The National Energy Action charity is worried that homes in Staffordshire are substandard and causing heating bills to increase.
Danielle and Josh Cox from Rugeley had an energy assessment done on their property, which is below the recommended EPC rating of C.
Mr Cox said in the past three months their heating bills doubled.
The assessment showed damp walls, draughts around the windows and the boiler was over 15 years old.
"It definitely is a worry especially with my daughter's bedroom, the damp in there is my main concern," Mrs Cox said.
The National Energy Action charity said 40% of homes in Staffordshire have below average levels of loft insulation, while 36% of homes there have substandard walls.
Mr and Mrs Cox's home was assessed by Residential Energy Services (RES) which has been awarded £400,000 by the government to reach its target of giving advice to 12,000 households by March 2025.
The couple are now waiting for funding from Staffordshire County Council so their home can be improved to bring it up to the governments standards.
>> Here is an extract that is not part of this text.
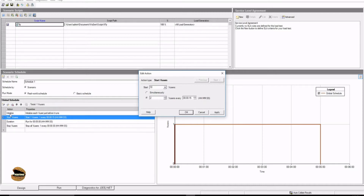Initialize refers to executing vuser init. Vuser init is an action where we generally capture the launch and login event of the application or transaction. Start vuser corresponds to the action section in your VuGen script, and stop vuser corresponds to the vuser end action. So you can independently determine conditions for each: vuser init as initialize, action as start vuser, and stop vuser as vuser end. You can combine these in different combinations — for example, initialize simultaneously, run at interval, and stop together.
This will include new loft and external wall insulation which should significantly reduce heating bills.
'Eat or heat'
Speaking generally, Sarah Parry, director at RES, said: "Nobody should be in a position of 'heat or eat'.
"I think we're slowly getting there with the different funding initiatives that are available... to get efficient homes that aren't hard to heat."
Geoff Dickenson, who is a stroke survivor, and his wife Pauline said when they had their home assessed by RES, they needed an incredible amount of work done such as new radiators, insulations and windows.
Mrs Dickenson said: "We didn't know any of this existed and we were told we could get quite a lot done to the house to make it warmer."